The difficulty of reaching a definitive answer is, presumably, exactly why
the ALA stopped maintaining its index of journal prices

Sally

Sally Morris
Email:  [log in to unmask]

-----Original Message-----
From: Joseph Esposito <[log in to unmask]>
Date: Fri, 23 Jan 2015 12:39:15 -0500

I am responding here to Jan's note, but I have also received a number of
responses to my question offline from people who don't wish to have their
institutional affiliation disclosed.

Yes, it's negotiable, as Jan says.  So the question could better be put this
way:  What is the retail price for all the subscription journals (that are
available in electronic form), and how much would a customer actually have
to pay for them?

This brings us to the question of the category of customer.  Would an
academic library pay more or less than an individual, than a company?
Would there be a distinction between a large company and a raw start-up?

Then there is the matter of the number of journals.  I thought (silly
me!) that the number was around 25,000, a figure I picked up form reading
Stevan Harnad's many posts.  But one person commented that the number is
perhaps twice that.  How to resolve this?  How many scholarly journals are
there that are peer-reviewed and sold in digital form?

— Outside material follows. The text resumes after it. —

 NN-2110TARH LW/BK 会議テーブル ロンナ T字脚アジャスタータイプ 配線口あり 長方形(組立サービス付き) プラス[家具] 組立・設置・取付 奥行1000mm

A related question is domain.  I was looking for the figure for all
disciplines, but one comment I received addressed STM specifically.
How many HSS journals are there, how many in STM?

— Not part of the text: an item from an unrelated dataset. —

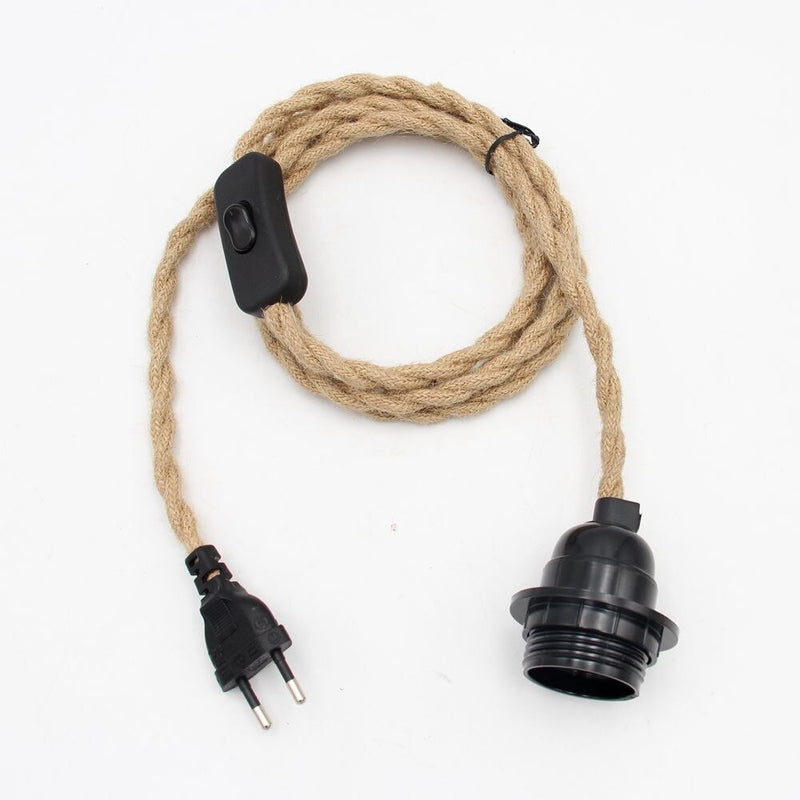 110V-250V Vintage Pendant Light Cord Kits with European Plug Hemp Jute Rope Twisted Cable Industrial Loft E27 Hanging Lamps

And all of this is for current issues.  The backfiles still loom over this
discussion.

I have gotten a couple estimates for the total cost, but I am going to
withhold them for a bit in order not to influence anyone else who wants to
take a crack at this.  And I hope more people do.

Does it not seem odd that these figures are not readily available somewhere?

Now, as for Jan's comment that a journal is a bundle, well, that would get
us onto a long and perhaps unproductive path.  My view is that a journal is
a bundle is the same sense that a house is.  In my house there are TVs,
tables, chairs, iPhones, sinks, and everything else you would expect.  All
of this was purchased "off the shelf," but still somehow it is *our* house;
it feels like ours, and people who visit feel that way, too.  I know
personality and subjectivity are the abominations of the modern world, but I
am a cheerful troglodyte and have remarked upon the personality of a
publisher:

http://scholarlykitchen.sspnet.org/2013/06/03/the-personality-of-a-publisher
/

Switching metaphors, let's consider the original version of the classic
science fiction film "Invasion of the Body Snatchers."  How does the hero
know whether the woman the he is in love with is human or an alien? He
kisses her, and all is revealed.  Is a journal merely a bundle?  Kiss and
tell.

Joe Esposito


On Fri, Jan 23, 2015 at 4:56 AM, Jan Velterop <[log in to unmask]> wrote:
>
> Joe, the answer is "negotiable". Many of the published list prices of
> journals are at 'discouragement levels', meaning that taking out
> individual subscriptions is not liked by most publishers. Bundles are
> preferred. (By the way, isn't a journal a 'bundle' in itself? Of
> articles, some of which may be relevant, cited, popular and such, some
> of which totally ignored?)
>
> Basing the total cost on published list prices will give an upper limit of
what the cost could be. It is likely to be far, far higher than the real
cost, should someone actually wish to buy all the peer reviewed journals
that exist and has the good sense to negotiate the price.